In general, I look for the interchange move first, then the insert is a quarter turn to pull a single piece from the interchange layer to the opposite layer, any move of the opposite layer, then undo the first quarter turn. Since half turns move three pieces from the interchange layer into the opposite layer, they don't work.


----------



## newtonbase (Oct 15, 2016)

AlphaSheep said:


> I don't use comms for BLD but I use them for FMC so I understand them well. Just to explain why F2 L F2 or similar will never be a suitable insertion... for a 3 cycle, the set of pieces affected by your insertion move and the set of pieces affected by your interchange move must have exactly one piece in common. So your interchange D affects the 4 edges and 4 corners on the D layer, but the insertion F2 L F2 affects 2 corners and an edge in the D layer. Because it affects more than one piece on every face, F2 L F2 isn't suitable for any single move interchange.
> 
> In general, I look for the interchange move first, then the insert is a quarter turn to pull a single piece from the interchange layer to the opposite layer, any move of the opposite layer, then undo the first quarter turn. Since half turns move three pieces from the interchange layer into the opposite layer, they don't work.
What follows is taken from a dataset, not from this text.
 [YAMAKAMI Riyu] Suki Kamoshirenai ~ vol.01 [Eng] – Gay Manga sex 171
That's probably the most useful post I've ever read on comms.


----------



## newtonbase (Oct 15, 2016)

Could someone please explain how this comm works please? WB in Speffz 
[R2 D R2 D’ R2 , U]


----------



## Daniel Lin (Oct 15, 2016)

newtonbase said:


> Could someone please explain how this comm works please? WB in Speffz
> [R2 D R2 D’ R2 , U]


R2 D R2 D’ R2 is the insertion, U is the interchange


----------



## newtonbase (Oct 15, 2016)

Daniel Lin said:


> R2 D R2 D’ R2 is the insertion, U is the interchange


It's the interchange that's confusing me. They are usually 3 moves.


----------



## xchippy (Oct 15, 2016)

newtonbase said:


> It's the interchange that's confusing me. They are usually 3 moves.
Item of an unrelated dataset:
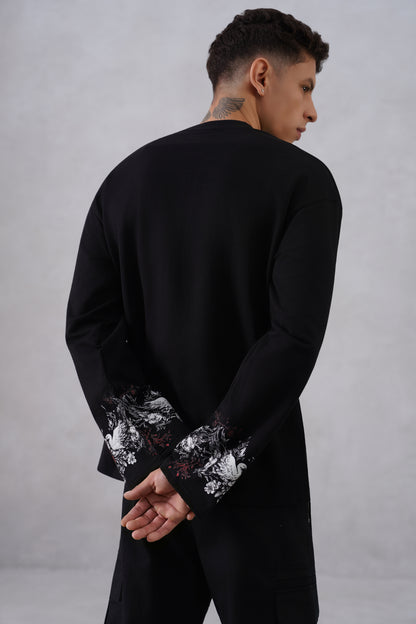 Black Swan (Swan full sleeves)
Interchanges are usually 1 move. Like in [R U' R' , D] (UFL to FDR to LDF). If you're talking about the insertion, which is 3 moves in a pure commutator, it works in the same way, but since there's no way to get DBR to UBR in 3 moves without affecting any D layer pieces other than DBR, you can't solve it using a pure commutator. This commutator uses a 5 move insertion, which I think is called a per special? idk what it's called


----------



## AlphaSheep (Oct 15, 2016)

newtonbase said:


> It's the interchange that's confusing me. They are usually 3 moves.


You need to insert DBR into UBR while preserving orientation. No quarter turn move taking a D cormer into U can preserve corner orientation, but if you do an R2 setup just for the insertion, then you can insert with D R2 D'. Notice its still a quarter turn pulling the old piece out and putting the new piece in. Also, notice how R2 D R2 D' R2 only affects one piece in the U layer.

This trick is useful for all of the cases where all 3 stickers are on opposite faces. Its very hard to see the setups for the cases which need 3+ move setups to get to an 8 mover so it's easier to learn these ones as algs then figure out how they work afterwards.


----------



## newtonbase (Oct 15, 2016)

xchippy said:


> If you're talking about the insertion,



Yes, sorry. Silly mistake. 



AlphaSheep said:


> You need to insert DBR into UBR while preserving orientation. No quarter turn move taking a D cormer into U can preserve corner orientation, but if you do an R2 setup just for the insertion, then you can insert with D R2 D'. Notice its still a quarter turn pulling the old piece out and putting the new piece in. Also, notice how R2 D R2 D' R2 only affects one piece in the U layer.
> 
> This trick is useful for all of the cases where all 3 stickers are on opposite faces. Its very hard to see the setups for the cases which need 3+ move setups to get to an 8 mover so it's easier to learn these ones as algs then figure out how they work afterwards.


These do look very useful. 
Thanks for the help guys.


----------



## Daniel Lin (Oct 15, 2016)

AlphaSheep said:


> 3+ move setups


no cases require more than 3 setup moves



newtonbase said:


> It's the interchange that's confusing me. They are usually 3 moves.


Insertions can be any number of moves, but the shorter the better. I personally use 3 movers for 100% of my corner comms

Here is a comm with a 4 move insertion
[R' F:[U2, F' R F R']]

I would do that case like this [z U D R:[R D' R', U2]]


----------



## mark49152 (Oct 15, 2016)

Daniel Lin said:


> Here is a comm with a 4 move insertion
> [R' F:[U2, F' R F R']]
> 
> I would do that case like this [z U D R:[R D' R', U2]]


Why not [R' F:[U2, R' D' R]]?


----------